I am intimately familiar with the fine art of “eye-rolling.” As the followers of my blog know, I have three daughters, ages 16, 19 and 22.
As you can imagine, I’ve had more than my share of eye-rolling exhibitions over the years. The following is only the briefest of lists leading to the aforementioned eye-rolling:
What time will you be home?
Please clean up your room.
Why are you watching New Girl when you have homework?
Why did you lose your phone … again?
Please don’t put me into a nursing home when I get old.
And so forth.
I was not, however, expecting to encounter this facial gesture during a meeting discussing remediation of a catastrophic coating failure on a very large concrete secondary containment area.
Bulging Blisters
A multi-coat polyurea system had been installed and was peeling, bulging and otherwise failing sporadically throughout this containment area.
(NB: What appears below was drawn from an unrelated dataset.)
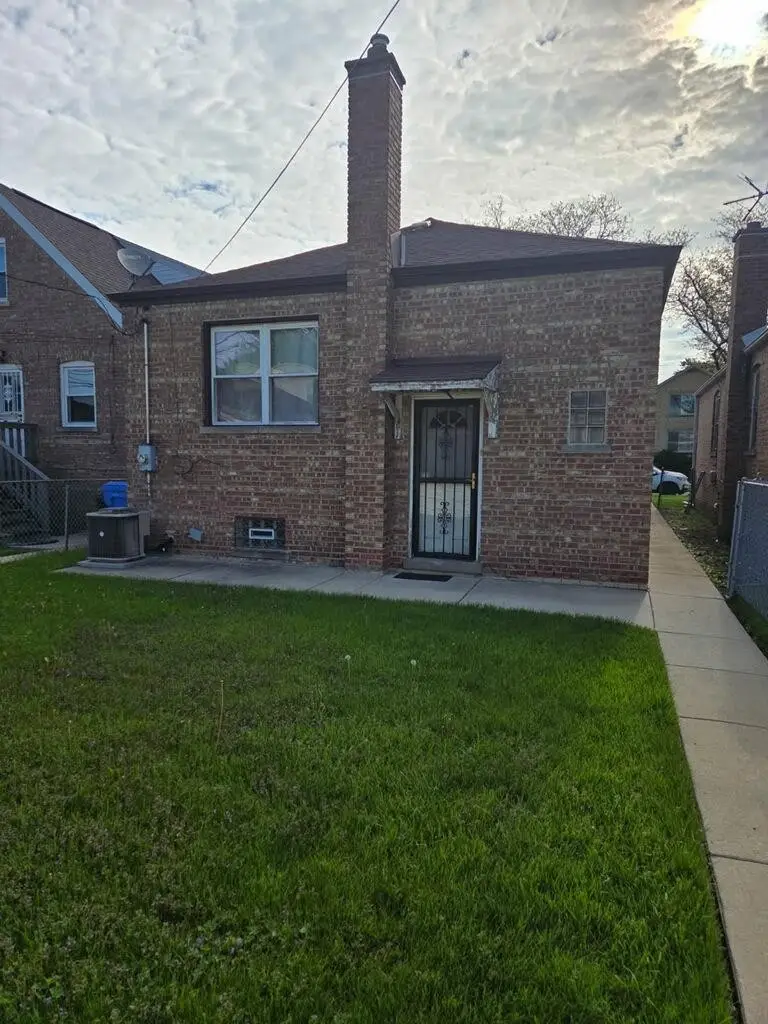 7252 S Francisco Avenue, Chicago, IL 60629 - #2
And it appeared that the failure was slowly progressing. One day a coated wall would look perfectly normal, and then a few days later, a two-foot-diameter blister filled with water would appear.
Photos: Warren Brand
This is an example of the blistering that comes with outgassing, although much smaller than what we saw on the project discussed here. Photos in this blog post are not from the project described.
We were initially called in to perform a failure analysis. While quite competent to perform a failure analysis, I am not a big fan of doing so unless there’s a compelling reason to perform one. The owner didn’t intend to sue anyone, and there was no other reason, so instead we recommended they hire us to develop a remedial repair plan.
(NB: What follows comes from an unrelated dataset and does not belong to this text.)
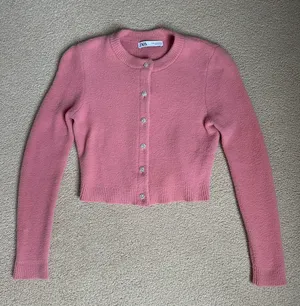Cardigan thumbnail 2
The mode of failure was complex and varied, but mostly characterized by debondment, both adhesively and cohesively within various coats.
In some cases, there were blisters of 2 feet and 3 feet in diameter, some filled with water and some not. There were sections where you could literally grab a chunk of coating and pull off a section 3 feet wide by 10 feet long.
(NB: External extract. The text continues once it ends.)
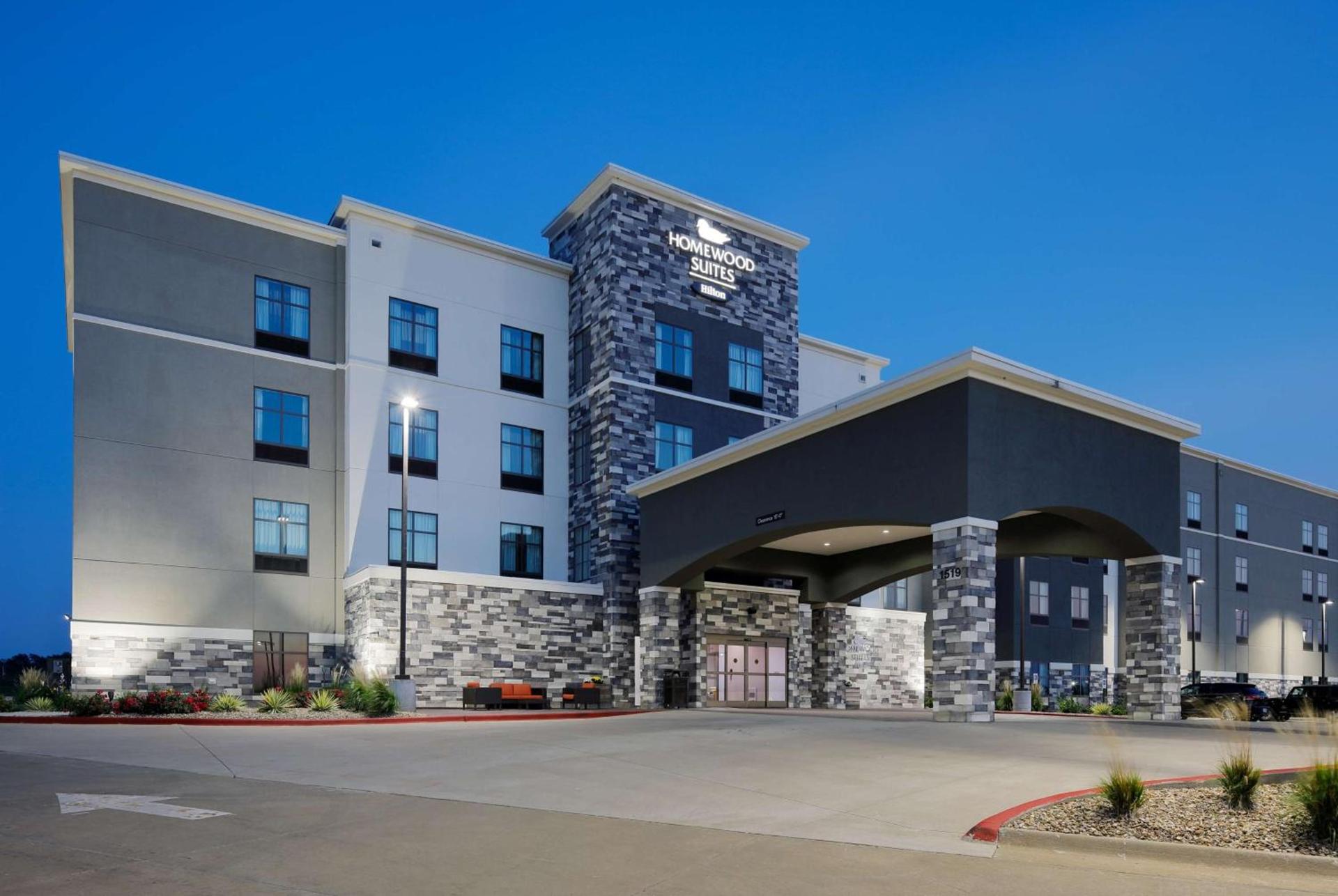 Homewood Suites By Hilton Topeka photo 2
While we weren’t hired to conduct a failure analysis we presumed that the existing coating fell victim to outgassing and other issues while curing.
While we would expect to see blistering from outgassing, we surmised that the coating (which had less than 40 percent elongation and which was applied at between 40 and 60 mils) simply got hard before having a chance to create small, discrete blisters, and instead forced the coating off in large sheets or very large blisters.
Recommended Repair Plan
In our repair design, we suggested using a completely different material with more than 400 percent elongation.
We would identify those areas within the containment area where the coating was sound and well adhered, and remove those areas that were bad.
Although a view of a different secondary containment area, it is representative of the one we encountered in the failure analysis project.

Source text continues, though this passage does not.